As the set of images shown in this article tells you, Fitris kind of turns the body into a physical controller. No, you don’t bend your hips or do anything too gaudy to move or twist individual blocks. Instead, there are a couple of specific actions that you can do to replace the standard controls of a Tetris game, which FunLife officially lists as the following:
- Left or right punch moves the block left or right
- Doing squats rotates the block
- Jumping jacks drives the block straight down
All movements are registered using a smartphone, which detects each of these movements and puts them in a kind of limited command stack. Don’t worry; it won’t register a long list of commands if you just keep in inputting them. It will mostly just base its input on the last few combos you made. Kind of like a fighting game, but is instead both mechanically simple and physically complex.

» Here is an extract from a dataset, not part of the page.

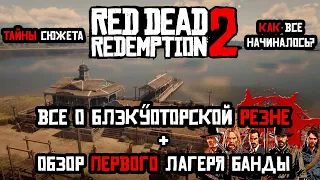 Red Dead Redemption 2 Все о резне в Блэкуотер и первом лагере банды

Of course, the basic rules of Tetris apply to all of these movements, so if you want to optimize your game, you’ll have to learn to balance all of these movements for aspiring players to compete well in Fitris. Unfortunately, professional Tetris players might want to switch up the meta from the familiar input devices of keyboards and controllers. You probably won’t have an easier time executing a T spin if it’s your whole body that does the stacking work.
After a game session ends, you will be presented with a result board, which indicates the last score shown, as well as a mean value of the calories burned for that session. This is intended as a motivator of sorts, and for playing Fitris with fitness milestone reasons, of course.
Fitris has three known game modes, which are the follows:
- Marathon – this is the high-score challenge type mode, and there are no time limits. Stack till
you drop from exhaustionit’s game over!
- Time Attack – achieve the target score within a set amount of time. Probably the safer mode to play.
- Practice Mode – mainly for those still etching the controls into their (bodily) muscle memory
Good Ol’ Online Competitive Action
Because Fitris is essentially part of the VS Fit competitive online fitness service, it is well intended to allow players to fight against each other in the realm of the internet. You know, like actual present-day Tetris. As such, while sharing high scores and duking it out within matching sessions is one thing, competing within specific fitness goals is yet another category by which players can pit themselves against each other.
In fact, just last month, a sort of official-ish tournament was held at Ichihara city, Chiba Prefecture, participated by a group of local young residents. This was technically a proof-of-concept event, both to test the technology of Fitris at larger scales and test the event’s reception. About 800 participants joined, separated into categories of Elementary, Middle-School, High-School, and Adults.
The competitive event stretched out for three entire weeks, updating the participants’ online ranking scores and calorie counts each time. After one winner was decided for each category, the rest went on a Fitris battle royale at the Chiba Sports Concierge until the ultimate winner finally arose.
Here are two opinions shared by the participants during the event:
- Body training feels mechanically simple, but gamifying it like this made me eager to do it.
- Quite useful since I can just whip up the app right away and start playing.
After finishing its proof-of-concept tests, FunLife plans to introduce Fitris to a couple of other fitness-related services as a part of an entertainment exercise suite. The company is also considering normalizing and regulating online events that use the app, though that proposal also requires it to be offered to another third-party entity as a service.